Zenia Barnard (Centre for Information and Knowledge Management, University of Johannesburg, Johannesburg, South Africa)
Chris Rensleigh (Centre for Information and Knowledge Management, University of Johannesburg, Johannesburg, South Africa)

The Electronic Library

ISSN: 0264-0473

Publication date: 8 August 2008



The core purpose of this study was to determine the extent to which web portal technology and online communities could be successfully applied by the alumni offices of higher education institutions in South Africa (using the University of Johannesburg as a case study) to create information‐sharing with and amongst its alumni affinity groups, in order to build and maintain valuable relationships, networks and partnerships.
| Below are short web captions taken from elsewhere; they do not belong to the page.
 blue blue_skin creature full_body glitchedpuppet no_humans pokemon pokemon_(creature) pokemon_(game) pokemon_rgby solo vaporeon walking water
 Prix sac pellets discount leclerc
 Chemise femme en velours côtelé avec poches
This research project falls under Pasteur's quadrant of use‐inspired research. Using quantitative empirical research, a total number of 10,380 questionnaires was distributed to graduates of the University of Johannesburg at the Autumn graduation ceremonies in April 2006, thereby making it a self‐selecting, purposeful (purposive) and convenient sample.


Based on the literature study, the results of the empirical research and the case study, the final conclusion made from this research project is that an online community portal can enhance to a large extent the networking of alumni in the South African higher education sector. In addition, the research data collection instrument is transferable to a number of other higher education settings. In particular, the user‐centric information resource questions provide useful insights into alumni information‐seeking behaviour and needs.
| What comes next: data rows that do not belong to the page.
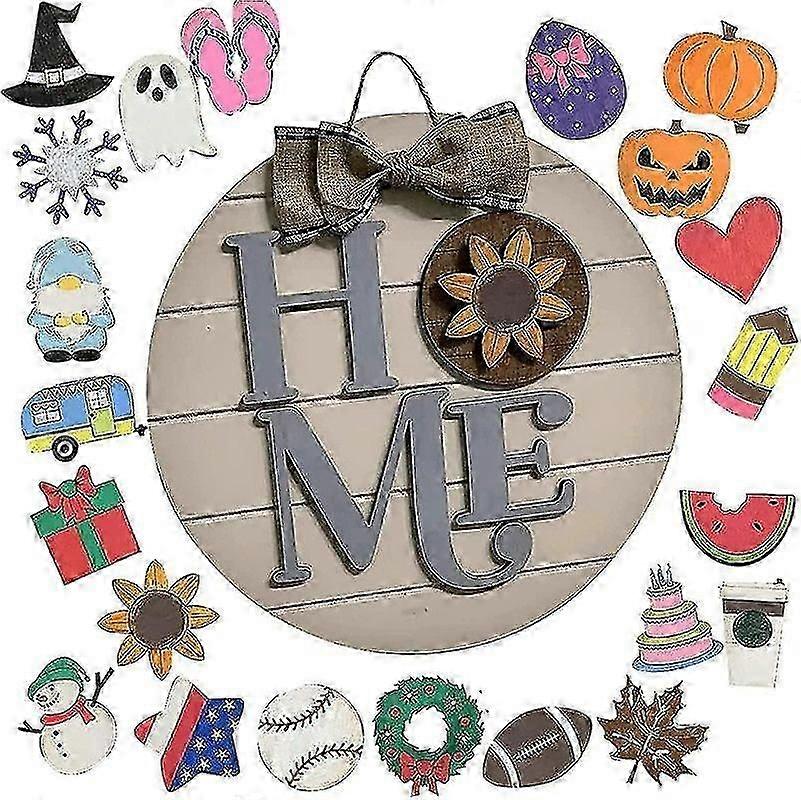 Gnome Door Hanger,interchangeable Seasonal Welcome Door Sign,hanging Front Door Sign With 22 Holiday Pieces,door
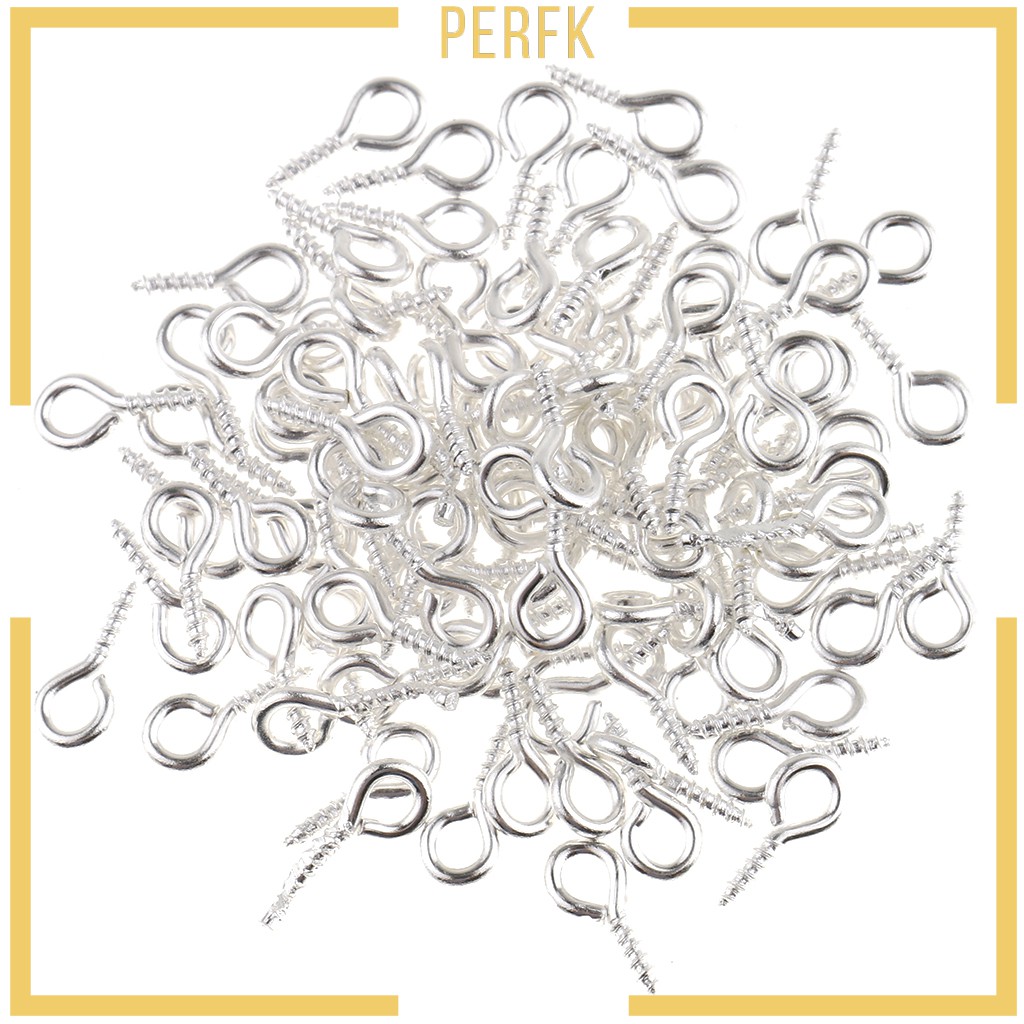 [PERFK] 100pcs Mini Eye Pins Eyepins Hooks Eyelets Screw Threaded 8x4mm ...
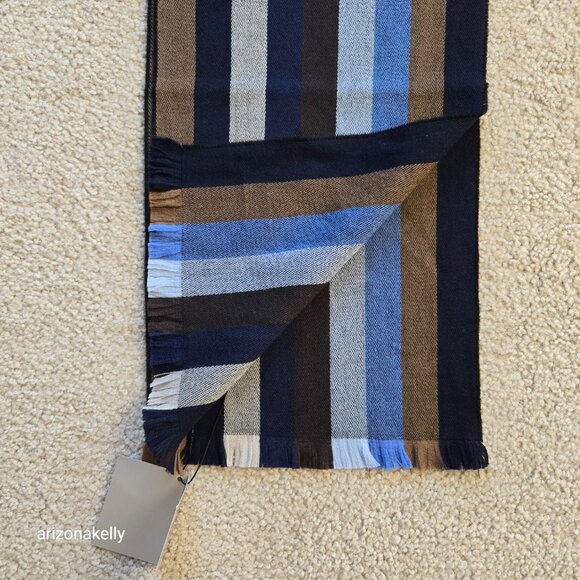 NWT Hickey Freeman Merino Wool Stripe Scarf - Picture 6 of 13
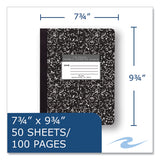 Roaring Spring® Hardcover Marble Composition Book, Unruled, Black Marble Cover, (50) 9.75 x 7.5 Sheets, 48/Carton, Ships in 4-6 Business Days (ROA77260CS) Case of 48
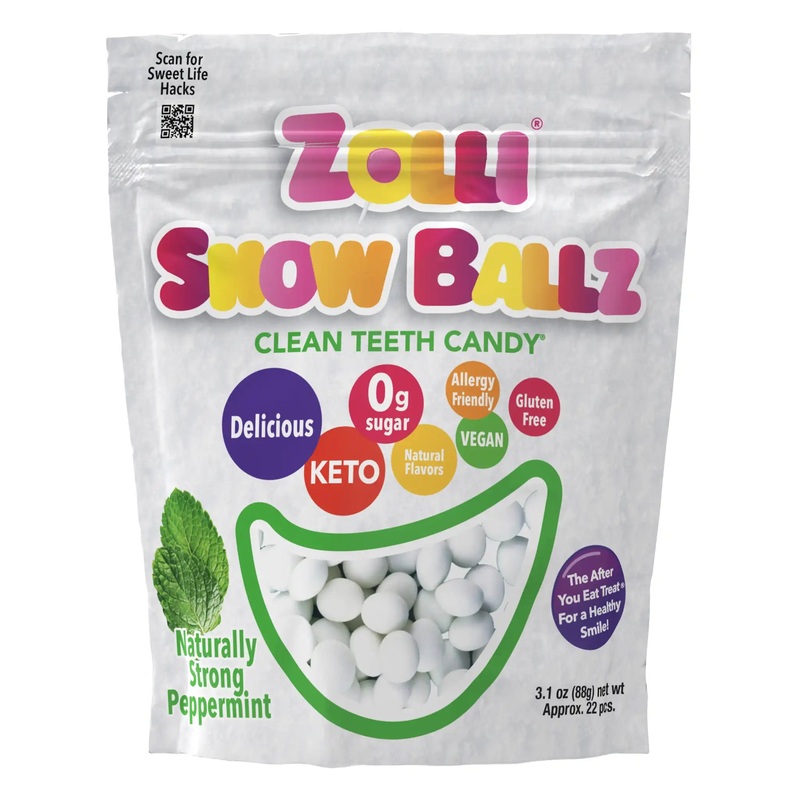 Zolli Sugar Free Mints Snow Ballz Peppermint 3.1oz Pouch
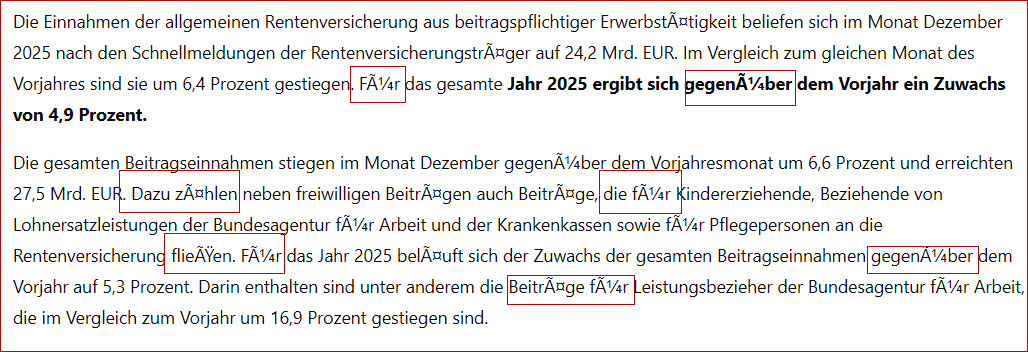 Beispiel UTF 8 Fehler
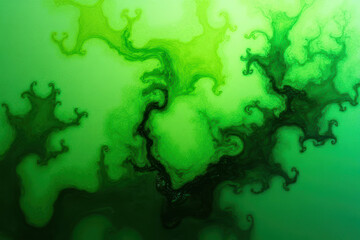 Mesmerizing Ink in Water: Swirling Green and Chartreuse Patterns in Experimental Photography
Research limitations/implications

Due to the University of Johannesburg Alumni being used as a case study for this research project, the research findings are tailored for implementation by this entity. However, the processes that were followed for this research project in terms of conducting a needs analysis with regard to the information needs of the alumni target audience and the types of questions that were posed could be guiding principles for other South African higher education sector (SAHES) institutions that want to develop such a tool for managing their alumni's information needs. In addition, the framework for the study predicts continuing alliances among academic services, placement services, library services, and fund development on higher education campuses.


The paper should prove useful to other academic institutions since it develops a helpful tool to assist in managing alumni networking behaviour, needs and resources.



Barnard, Z. and Rensleigh, C. (2008), "Investigating online community portals for enhanced alumni networking", The Electronic Library, Vol. 26 No. 4, pp. 433-445.